I like the Aurora Gold very much, and have few complaints about its performance. The new turntable has a similar ‘skeletal’ type chassis, but the Calypso has been beefed up at a couple of points and has better decoupling. The motor – a DC type – remains the same, but the housing is much bigger and more solid. The platter is made from a different material. Like the Aurora Gold, it’s Acrylic but apparently what’s called a ‘loaded Acryclic’. Origin Live are being a bit secretive about the exact material but it has a smoother, shinier surface than normal acrylic, and looks a little like imitation marble. Designer Mark Baker tells me that it isn’t the main reason for the Calypso’s improved sound anyway. That’s down to a combination of factors, of which the platter is just one. For example, the way the belt drives the platter is very important. The Aurora Gold featured a main platter that sat on a smaller a sub-platter, driven by a flat belt. The Calypso has a round belt, and the platter is driven from its outside edge. The motor now runs at a higher rotational speed, and Mark reckons having the belt around the outside gives extra drive and ‘leverage’.

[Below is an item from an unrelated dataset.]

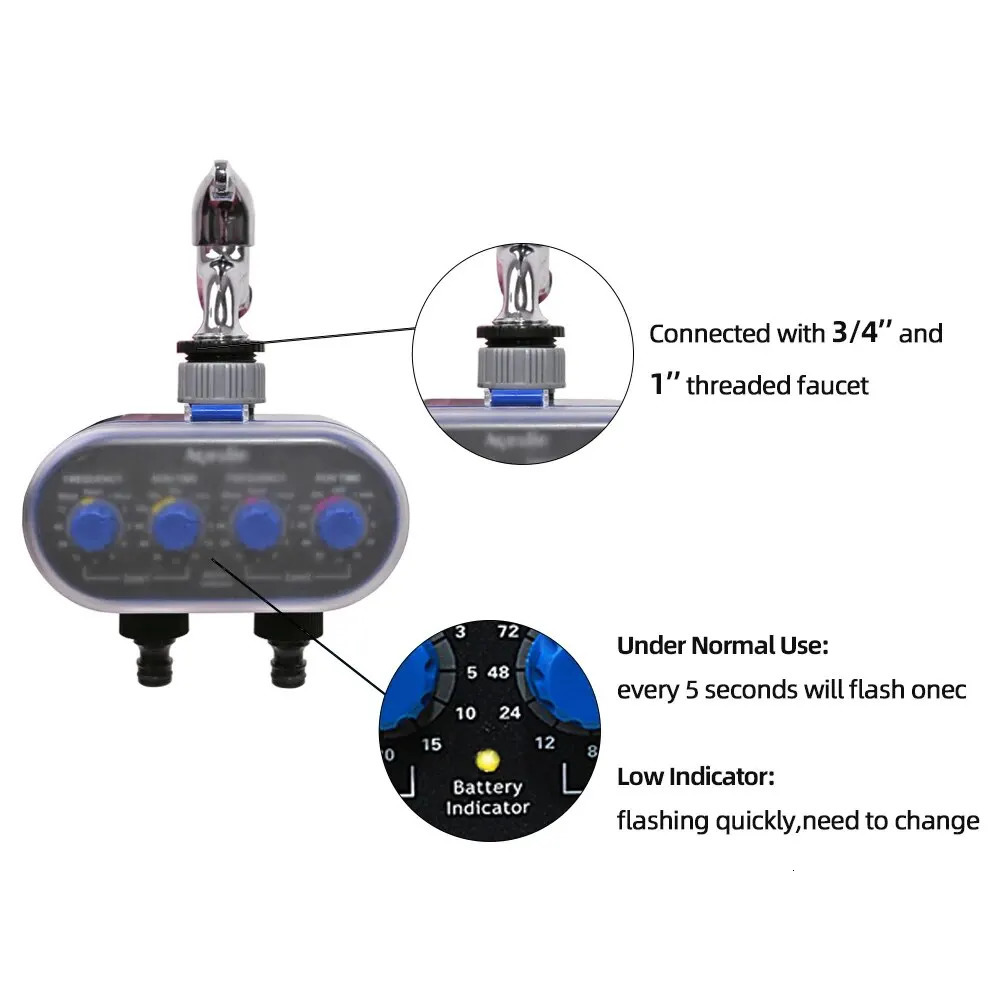 Ball Two Outlet Automatic Watering Four Dials Water Timer 0 Pressure Garden Irrigation Controller for Garden Yard 240530bj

The usual 33/45rpm speeds are offered, with fine speed adjustment. Because the motor is housed in a separate outboard assembly, there’s a degree of choice regarding the placement of the motor in relation to the platter. While Origin Live claims that performance is not broadly affected, there are some differences. Moving the motor further away increases belt tension and (depending on how tight the belt is stretched) reduces platter speed slightly. Origin Live recommend having the motor about 214mm to 221mm from the centre bearing, but say a little deviation from this is not critical for sound quality. The belt is a made from another material Mark would rather not specify. It’s quite a bit stiffer and less stretchy than Nitrile and is spliced, as it is impossible to get a one-piece belt made in this material.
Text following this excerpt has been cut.